OP-E1.6 Solar Radiation Benchmark

                    

Poster TitleSolar Radiation Benchmark Code for E3SM
AuthorsMichael J Prather , Juno Hsu, Philip Cameron-Smith (Unlicensed)  
First AuthorMichael J Prather
Session TypeE3SM Session
Session IDE1
Submission TypePresentation
GroupAtmosphere
ExperimentWatercycle, BGC, & Cryosphere
Poster Link




Abstract

To follow the path of sunlight through the Earth system, one needs consider attenuation, scattering, absorption, refraction and reflection throughout the atmosphere, ocean, cryosphere, and land surface, plus the wavelength dependence of these radiative transfer (RT) processes.
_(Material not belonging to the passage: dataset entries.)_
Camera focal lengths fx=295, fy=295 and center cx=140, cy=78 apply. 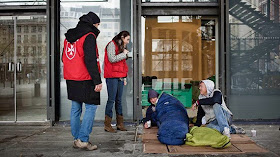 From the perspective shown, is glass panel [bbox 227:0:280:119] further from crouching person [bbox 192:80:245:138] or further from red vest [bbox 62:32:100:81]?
red vest [bbox 62:32:100:81]

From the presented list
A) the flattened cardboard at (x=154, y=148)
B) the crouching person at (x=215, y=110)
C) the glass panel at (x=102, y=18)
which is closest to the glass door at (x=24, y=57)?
the glass panel at (x=102, y=18)

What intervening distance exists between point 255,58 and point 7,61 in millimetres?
4830

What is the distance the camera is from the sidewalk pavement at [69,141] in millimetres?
3549

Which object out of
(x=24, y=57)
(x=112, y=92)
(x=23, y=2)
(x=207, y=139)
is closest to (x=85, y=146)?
(x=112, y=92)

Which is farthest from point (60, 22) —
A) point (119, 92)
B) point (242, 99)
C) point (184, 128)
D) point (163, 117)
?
point (242, 99)

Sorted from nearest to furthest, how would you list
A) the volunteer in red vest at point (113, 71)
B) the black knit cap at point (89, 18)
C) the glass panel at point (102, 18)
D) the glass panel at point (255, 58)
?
the black knit cap at point (89, 18) → the volunteer in red vest at point (113, 71) → the glass panel at point (255, 58) → the glass panel at point (102, 18)

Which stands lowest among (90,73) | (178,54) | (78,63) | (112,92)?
(112,92)

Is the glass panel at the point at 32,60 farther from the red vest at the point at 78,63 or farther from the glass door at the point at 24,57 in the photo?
the red vest at the point at 78,63

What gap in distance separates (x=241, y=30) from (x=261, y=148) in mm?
2554

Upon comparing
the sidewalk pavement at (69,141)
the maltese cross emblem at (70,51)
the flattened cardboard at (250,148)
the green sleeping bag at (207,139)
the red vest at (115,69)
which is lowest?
the sidewalk pavement at (69,141)

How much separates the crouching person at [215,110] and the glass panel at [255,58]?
104cm

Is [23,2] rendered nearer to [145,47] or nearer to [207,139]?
[145,47]

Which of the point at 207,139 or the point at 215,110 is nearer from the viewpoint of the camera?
the point at 207,139

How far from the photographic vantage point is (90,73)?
3.54 meters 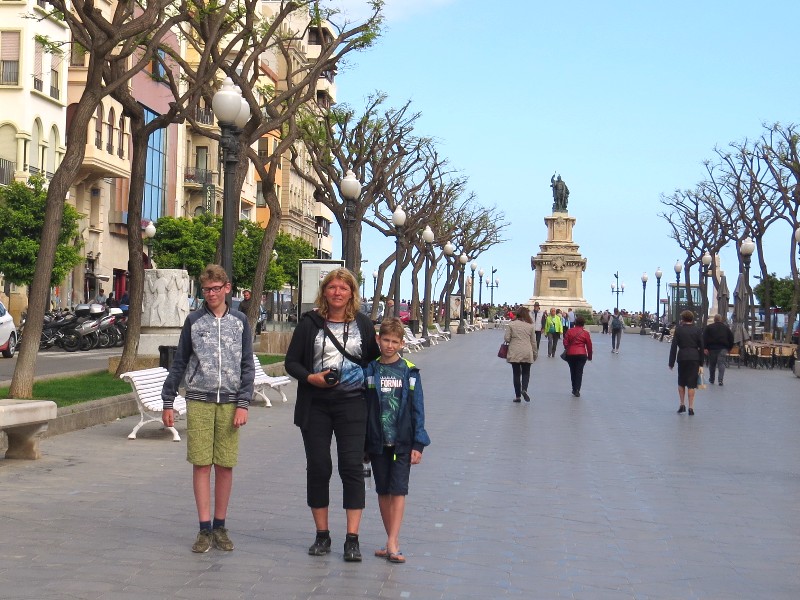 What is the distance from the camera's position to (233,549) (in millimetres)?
8891

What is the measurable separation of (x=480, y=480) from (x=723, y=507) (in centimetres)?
233

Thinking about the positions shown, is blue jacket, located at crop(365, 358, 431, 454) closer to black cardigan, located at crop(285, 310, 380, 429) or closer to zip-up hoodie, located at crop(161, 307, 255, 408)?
black cardigan, located at crop(285, 310, 380, 429)

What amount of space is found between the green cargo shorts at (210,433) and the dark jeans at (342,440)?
0.57 metres

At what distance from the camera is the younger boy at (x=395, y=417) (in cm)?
861

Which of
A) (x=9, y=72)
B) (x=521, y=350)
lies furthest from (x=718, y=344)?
(x=9, y=72)

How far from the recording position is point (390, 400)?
28.3ft

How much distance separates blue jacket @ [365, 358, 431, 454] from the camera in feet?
28.2

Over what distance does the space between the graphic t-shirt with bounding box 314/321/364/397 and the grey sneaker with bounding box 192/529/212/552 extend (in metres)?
1.13

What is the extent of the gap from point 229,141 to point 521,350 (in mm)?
7722

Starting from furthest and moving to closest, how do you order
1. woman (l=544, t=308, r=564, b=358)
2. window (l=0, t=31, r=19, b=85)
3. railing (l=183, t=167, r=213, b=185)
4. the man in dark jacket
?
railing (l=183, t=167, r=213, b=185) → window (l=0, t=31, r=19, b=85) → woman (l=544, t=308, r=564, b=358) → the man in dark jacket

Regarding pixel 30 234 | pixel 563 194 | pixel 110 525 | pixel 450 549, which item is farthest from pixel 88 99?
pixel 563 194

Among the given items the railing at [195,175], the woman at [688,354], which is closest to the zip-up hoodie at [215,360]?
the woman at [688,354]

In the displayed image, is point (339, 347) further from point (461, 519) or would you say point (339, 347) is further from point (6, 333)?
point (6, 333)

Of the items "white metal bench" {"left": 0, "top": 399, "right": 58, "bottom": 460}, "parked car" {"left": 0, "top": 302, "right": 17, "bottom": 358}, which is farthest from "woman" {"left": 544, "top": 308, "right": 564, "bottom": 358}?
"white metal bench" {"left": 0, "top": 399, "right": 58, "bottom": 460} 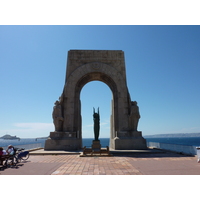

This RT problem includes gases, surfaces, and aerosols (clouds).  Using Solar-J as a flexible RT code, we build a benchmark code for solar radiation using RT components that are more accurate than typical approximations used in the operational solar heating codes.  Using a range of versions of Solar-J, we identify and evaluate the errors in RT approximations by integrating over realistic global atmospheric conditions taken from a weather forecast model.  Solar-J was built on a photochemistry model at short wavelengths attached to the gas-phase absorption model from RRTMG-SW for wavelengths greater than 0.6 microns.   In this study, we assess separately the errors in each of the following approximations with the goal of identifying which improvements are highest priority for the next generation of solar radiation modules in Earth system models: 

  • Geometry, where incident solar rays see a spherical Earth vs. a flat disk;
  • Refraction, where the solar rays are bent and wrap past the terminator;
  • Scattering, where the cloud and aerosol scattering is 8-stream forward-peaked vs. 2-stream isotropic with it greatly reduced optical depth for clouds;
  • Cloud overlap, where vertical decorrelation length is used vs. maximum-random overlap;
  • Column atmosphere sampling, where different cloud structures and wavelengths are integrated independently (Cloud-J) vs. random sampling across both of these dimensions (MCICA);
  • Ocean albedo, where the ocean surface albedo varies with incident angle, wavelength, wind speed and chlorophyll;
  • Water-vapor wavelength bins, CLIRAD vs. RRTMG;
  • Cloud wavelength bins, where spectral properties of water clouds are resolved vs. averaged across super-bins.

We evaluate the errors in total solar energy (W m-2) reflected, absorbed in the atmosphere, and absorbed at the surface, in terms of mean and rms errors in each column atmosphere over 744 hours in January, but do not follow through with the impact on climate.  There remain RT errors within the scope of Solar-J (e.g., aerosol direct radiative forcing, photosynthetically active radiation) and well beyond it (e.g., 3D RT and the interaction of neighboring grid cells).